The flanks were held by Romanian, Hungarian, and Italian Divisions, not
German. The Nazi forces had failed to take Stalingrad in a vicious,
bloody, lengthy struggle. The Soviet opportunity to achieve great things
was obvious.
To the north, around Rzhev, were German forces, the
weakest of which were Luftwaffe Field Divisions. There was no clear
strategic point to pinching off the Rzhev salient. One can see nothing
in this work to cause a change in the current interpretation of the
Winter 1942 campaign.
What the reader does see are practices of writing
generally not accepted by professional historians. Glantz makes the
following statement in his Introduction: "I have reconstructed the
course, scope, and intent of Operation Mars based on sound archival
sources, and I have inferred [italics in original] larger aspects of the
Soviet Fall 1942 strategic plan . . . The decisions, actions,
personalities, motivations, and undocumented [emphasis added]

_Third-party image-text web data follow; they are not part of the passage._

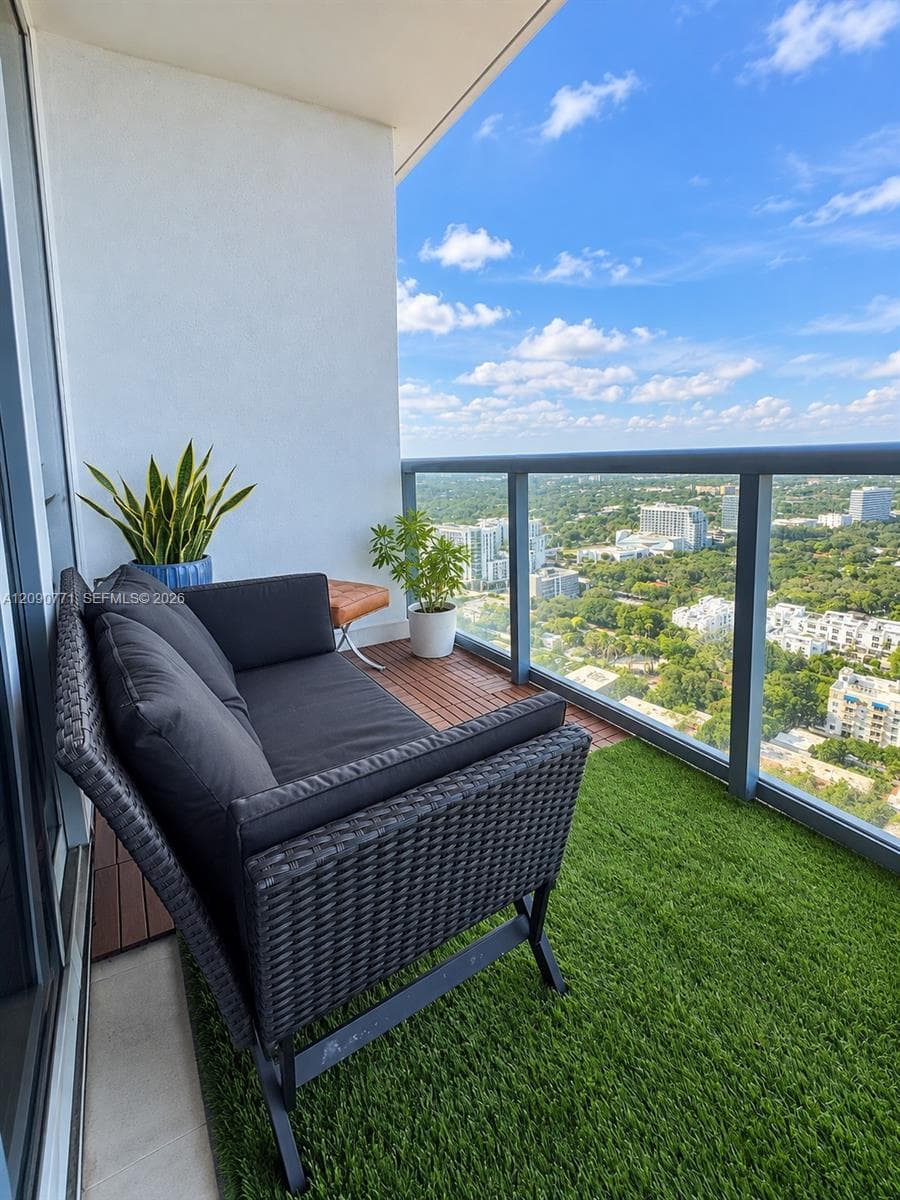 Blue Condominium · #3105 in Miami - Photo 3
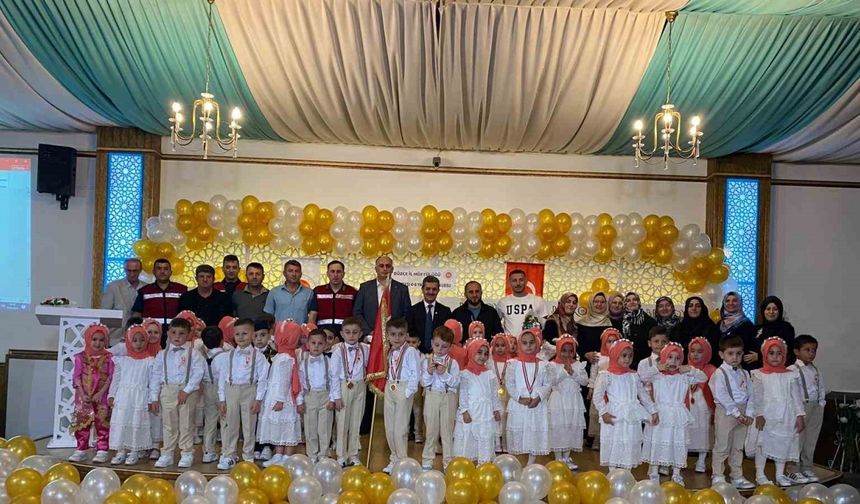 Miniklerin kapanış programı dikkat çekti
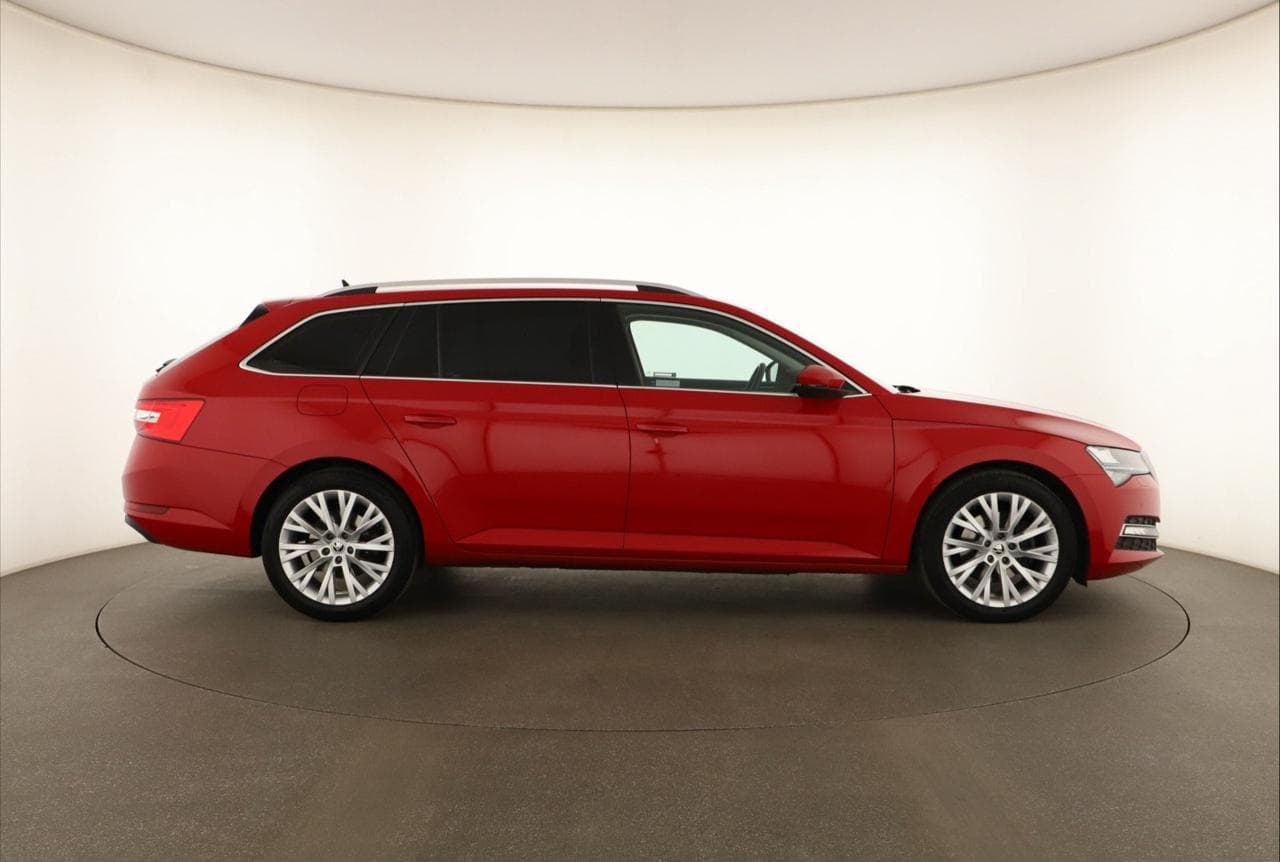 2022 Škoda SUPERB - 8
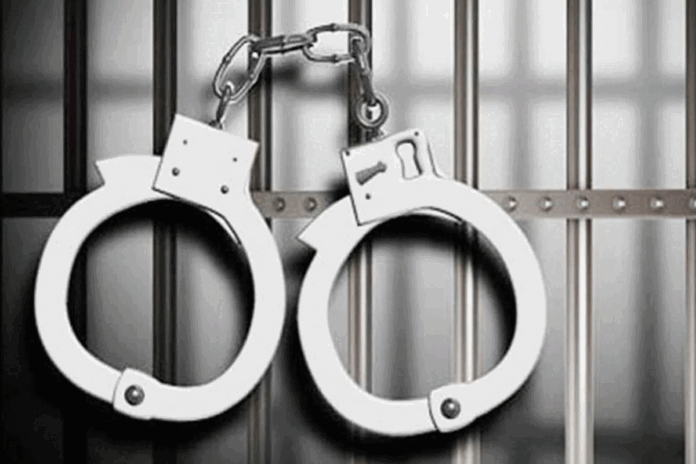 1768048406-d0329066843be5b4af4478295b518124 মাদারীপুরে প্রাথমিক শিক্ষক নিয়োগ পরীক্ষায় প্রশ্নফাঁসের অভিযোগে গ্রেফতার ২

conversations and thoughts of the commanders, however, are based on
archival materials to a markedly lesser extent. They reflect my
subjective understanding of the operations and men, in some instances
from their own accounts and more often, based on their subsequent
actions or ultimate fate. This historical license on my part, however,
in no way detracts from the factual accuracy of what did occur in
Operation Mars and why" (p.3). In short, the author feels free to read
minds, as he does on pages 9-10, where he tells the reader Stalin's
thoughts with absolutely no evidentiary support, and on pages 30-31,
where he likewise tells one what Zhukov thought, again without any
sources. He repeats this practice in many more instances elsewhere in
the book, on both the Soviet and German sides of the front. Can this
mind reading be called history?
Further, given the book's grand strategic foci, how
is it that the reader finds himself enmeshed in the movements of
regiments and even battalions? After two and half decades as a military
historian with staff college experience, this reader found these lengthy
sections very rough going. One pities the History Book Club members who
took this book as a main selection of the club.

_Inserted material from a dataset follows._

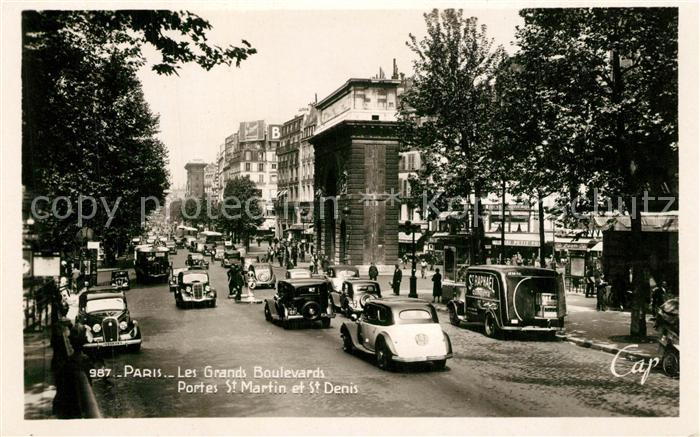 Paris Les Grands Boulevards Ports St. Martin et St. Denis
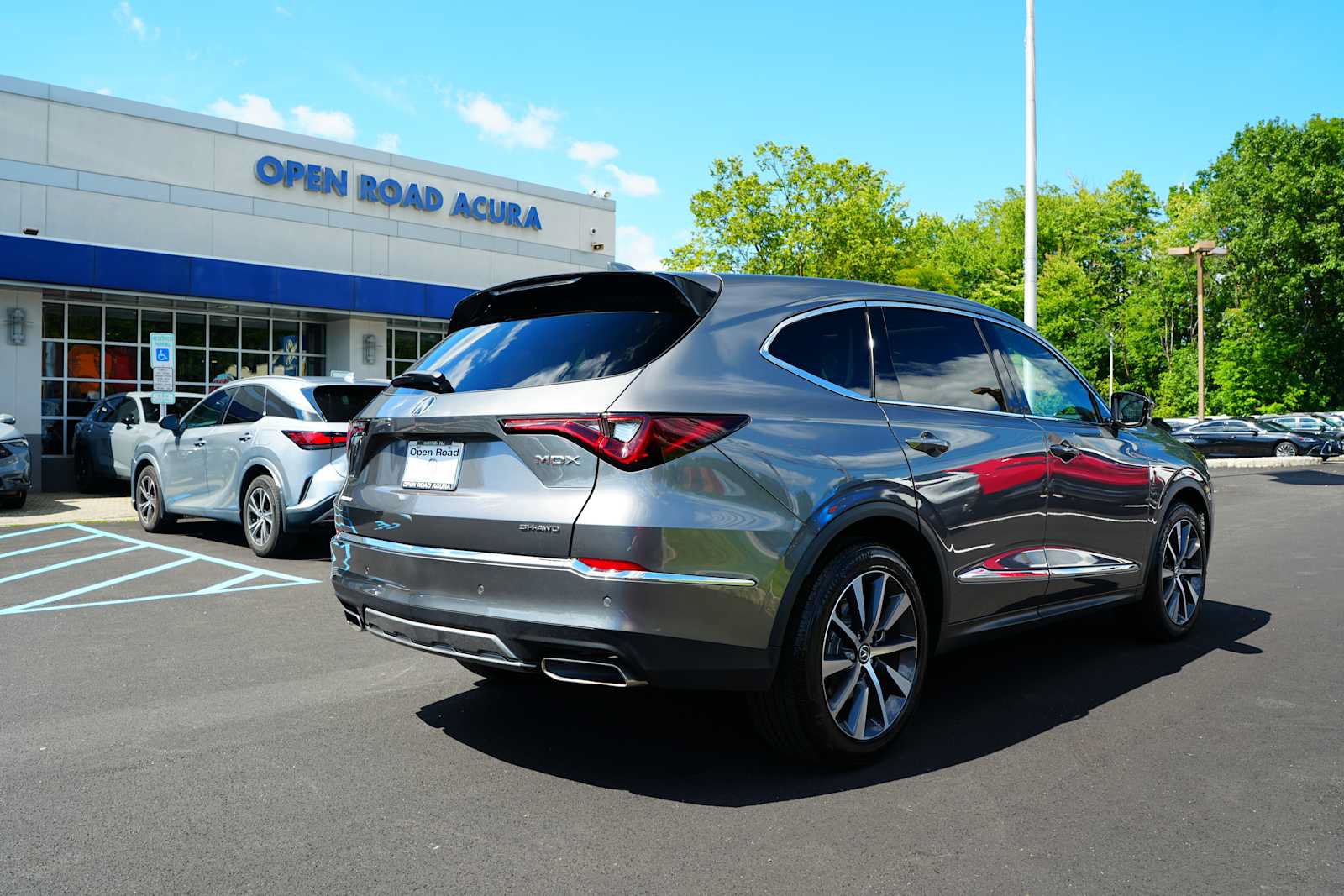 Certified 2026 Acura MDX w/ Technology Package AWD/4WD image 7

In addition, Glantz never explains how different the
Soviet military organization was from what one expects in the West,
which makes reading all the more unclear. Nor does he forbear to list
commander after commander of various units, to what purpose one can only
speculate. The book rapidly spirals into operational and tactical
history of the worst sort. This descent is not helped by the maps, which
are not clear and are far too difficult to read.
Finally, to argue that one is spotlighting and
documenting the sufferings of the common soldiers (p. 324) is a fine
goal, but then not do it is to fail at one's own task. There have been
recently published several excellent works on the Russo-German War, such
as Antony Beevor's book on Stalingrad, which do treat the sufferings of
the combat soldier with great feeling. This work does not.
Furthermore, one must be concerned when a scholar
using German sources notes that the German Army High Command was the
Oberkommando das Heere, or OKH (p.5), when the proper German is
Oberkommando des Heeres. One feels quite insecure about German
translation thereafter.
In the last analysis, this is not a very useful book.
Glantz raises issues that are important, but he never really proves his
points, nor does he justify his long descent into minutiae. Ultimately,
one must also say that this work is not good history. It is slip-shod,
tendentious, and dismissive of the canons of proper historical writing.